Gendercide is the systematic killing of members of a specific gender. It is often a component of a wider genocide. When it comes to male gendercide, there are many examples throughout history where a genocide has been committed by first killing off the males – especially able-bodied males of battle-age.
Gendercide can also occur outside the scope of genocide, and the killings of infant girls in parts of India (to avoid raising daughters) is for instance commonly described as a form of gendercide.
One of the first known uses of the term gendercide is found in Mary Anne Warren´s 1985 book “Gendercide: The Implications of Sex Selection”, a book that helped popularize the term.
In her book, Warren wrote:
“By analogy [with genocide], gendercide would be the deliberate extermination of persons of a particular sex (or gender). Other terms, such as “gynocide” and “femicide,” have been used to refer to the wrongful killing of girls and women. Nevertheless, “gendercide” is a sex-neutral term in that the victims may be either male or female. There is a need for such a sex-neutral term since sexually discriminatory killing is just as wrong when the victims happen to be male. The term also calls attention to the fact that gender roles have often had lethal consequences and that these are in important respects analogous to the lethal consequences of racial, religious, and class prejudice.” (Source: Mary Anne Warren, “Gendercide: The Implications of Sex Selection”, 1985)
Female gendercide
Gender-selective systematic killings of females (both girls and adult women) have occurred many times in history and in many different parts of the world.
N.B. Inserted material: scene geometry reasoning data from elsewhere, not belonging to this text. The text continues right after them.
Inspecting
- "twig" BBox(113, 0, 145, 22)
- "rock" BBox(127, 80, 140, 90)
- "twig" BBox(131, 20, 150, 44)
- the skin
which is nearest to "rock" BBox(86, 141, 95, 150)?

One version of female gendercide is the one tied sexual violence as a part of a wider genocide, where (male) forces belonging to another ethnicity conduct mass-rapes of females belonging to the targeted ethnicity, and then either execute them or leave them with injuries severe enough to prove lethal. One example of such an event is the one that took place in Bangladesh in 1971.
In other situations, the female gendercide is not carried out by outsiders. An example mentioned above is the killing of infant girls in parts of contemporary India, in order to avoid bringing up daughters. This type of gendercide is not the mass-executions we associate with genocides; it is instead individual families who kill their newborn daughters. The problem is rooted in widespread cultural believes and traditions within the communities, which combined make families reluctant to raise daughters. For more information, see our article about Female infanticide in India and China.
Another example of gender-selective mass killing targeting females are the ones carried out by a single perpetrator who is not acting is part of a group. There is for instance the 1989 Montreal Massacre, where a lone gunman deliberately targeted female students at Quebec´s École Polytechnique. During part of his attack, he banished the men before lining up the women against the wall and fire at them. During the massacre, 14 women were killed. Ten other women and four men were injured.
Male gendercide
Sex-selective mass-killings targeting males are a common practise in both war and other violent conflicts along ethnic, religious and political lines. Typically, able-bodied men and older adolescent boys (“males of battle-age”) are targeted first. Once they are gone, it is much more difficult to the remaining population to defend themselves.
There are many examples of non-combatant males being murdered in this fashion, e.g. through mass-executions. If you want to read more about gender-selective mass killings of men outside the realm of traditional battlefield warfare, you can for instance take a look at the Indonesian genocide of 1965-1966, the 1984 Dehli Massacre, the 1988 Anfal Campaign in Iraqi Kurdistan, the 1995 Srebrenica Massacre during the Yugoslav wars, and the 1999 gendercide within the East Timor Conflict. World War II also contain examples of gendercides. Parts of the Jewish holocaust had gender-selective components that targeted males, and there is also the death of 2.8 million male Soviet prisoners-of-war in the hands of Nazi authorities that took place in 1941-1942.
De facto gendercide
The term de facto gendercide is typically used when practises have gendercidal results, even though this was not the intention. One example is when mandatory military conscription applies only to men and not to women, and it puts men at a much higher risk of dying, either in battle or from related causes such as starvation, exposure and epidemic illnesses in military situations. Here, the government behind the conscription do not wish death upon its own soldiers, but the result of the conscription rules is an increased risk of death for battle-age men. (This situation should not be confused with situations where the government deliberately uses conscription into the army to rid themselves of an unwanted population group. There are examples of this in history, e.g. when Armenian men of battle-age were first sent to the military by the Turkish government and then deliberately worked to death there.)